The Education Minister spoke at Curtin U the other day – it was a classic of a very Labor kind, a speech about the ALP as the party of education and opportunity and by the time Mr Clare was finished who could argue with that?
The Education Minister was there to deliver the annual lecture honouring John Curtin the prime minister the university is named for, with additional applause for Gough Whitlam. It was standard Labor stuff, which the conservatives rarely have the writers to meet.
If Sussan Ley had been there, even she would have been singing “Solidarity Forever.”
And it set the context for Mr Clare to explain why the education angels vote one for what he is doing across the portfolio, including:
- The new guaranteed three-days of childcare for parents not in work or study (no, he did not call it early childhood education)

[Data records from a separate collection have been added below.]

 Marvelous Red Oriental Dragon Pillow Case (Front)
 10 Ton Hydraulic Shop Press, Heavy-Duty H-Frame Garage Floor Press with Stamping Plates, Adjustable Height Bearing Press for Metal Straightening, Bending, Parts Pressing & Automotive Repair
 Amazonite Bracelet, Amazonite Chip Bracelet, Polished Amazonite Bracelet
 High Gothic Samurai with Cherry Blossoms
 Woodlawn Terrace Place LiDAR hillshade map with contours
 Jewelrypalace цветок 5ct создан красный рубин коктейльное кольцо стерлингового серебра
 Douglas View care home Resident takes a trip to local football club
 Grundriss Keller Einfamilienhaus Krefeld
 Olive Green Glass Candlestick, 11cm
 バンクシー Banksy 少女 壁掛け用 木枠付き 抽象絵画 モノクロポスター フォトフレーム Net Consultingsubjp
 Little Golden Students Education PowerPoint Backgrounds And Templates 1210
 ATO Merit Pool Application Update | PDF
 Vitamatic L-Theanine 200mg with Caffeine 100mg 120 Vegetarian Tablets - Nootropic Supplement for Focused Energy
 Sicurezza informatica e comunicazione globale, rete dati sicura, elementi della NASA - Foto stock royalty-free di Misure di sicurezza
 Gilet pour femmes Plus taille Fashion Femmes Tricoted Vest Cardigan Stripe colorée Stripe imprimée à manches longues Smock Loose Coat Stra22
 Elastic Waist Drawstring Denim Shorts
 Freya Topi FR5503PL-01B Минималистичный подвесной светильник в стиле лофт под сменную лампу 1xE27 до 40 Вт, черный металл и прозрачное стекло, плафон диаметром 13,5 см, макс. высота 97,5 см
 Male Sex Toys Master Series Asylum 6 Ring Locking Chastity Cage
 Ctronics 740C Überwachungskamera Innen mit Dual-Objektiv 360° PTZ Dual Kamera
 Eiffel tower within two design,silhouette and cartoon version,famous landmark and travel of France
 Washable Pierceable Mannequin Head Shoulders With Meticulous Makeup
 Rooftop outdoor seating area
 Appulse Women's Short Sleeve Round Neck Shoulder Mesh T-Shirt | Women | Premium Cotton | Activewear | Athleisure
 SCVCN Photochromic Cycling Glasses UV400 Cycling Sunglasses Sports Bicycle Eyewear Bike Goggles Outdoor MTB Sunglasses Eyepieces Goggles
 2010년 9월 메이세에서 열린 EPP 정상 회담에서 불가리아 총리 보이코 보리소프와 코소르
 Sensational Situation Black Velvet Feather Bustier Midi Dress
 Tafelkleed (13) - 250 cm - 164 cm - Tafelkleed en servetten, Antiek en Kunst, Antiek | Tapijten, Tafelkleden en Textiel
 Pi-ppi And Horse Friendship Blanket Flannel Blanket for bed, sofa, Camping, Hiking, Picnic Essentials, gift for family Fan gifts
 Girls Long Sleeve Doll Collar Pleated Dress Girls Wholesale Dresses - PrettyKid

- Funding in public schools for “small group tutoring,” Year one phonics and numeracy checks plus pilots of learning and psychological support services in state schools
- Teacher ed degrees to include explicit teaching techniques
- Changes to the national curriculum, starting with the first three years of maths
- Establishing the Australian Teaching and Learning Commission, in part to “to oversee and drive the reforms we are making to initial teacher education in our universities” and reverse the decline in high-school completions, down to 74 per cent in the public system
- Uncapped funding for university bridging courses
- Uncapped university places for disadvantaged students and demand driven funding for study support.
And Mr Clare mentioned ATEC (a successor to John Curtin’s Universities Commission) which he claims will “get the sector to work more like a system.”
But he did not mention funding for teaching and research and there was not a word about the all-but-universally-loathed Job Ready Graduates model.
But not to worry; as Mr Clare put it, this Government like every Labor government since Curtin seeks to “build a better and a fairer education system. And through it, a better and a fairer country.”
And how could anyone complain about cost of an arts degree after that?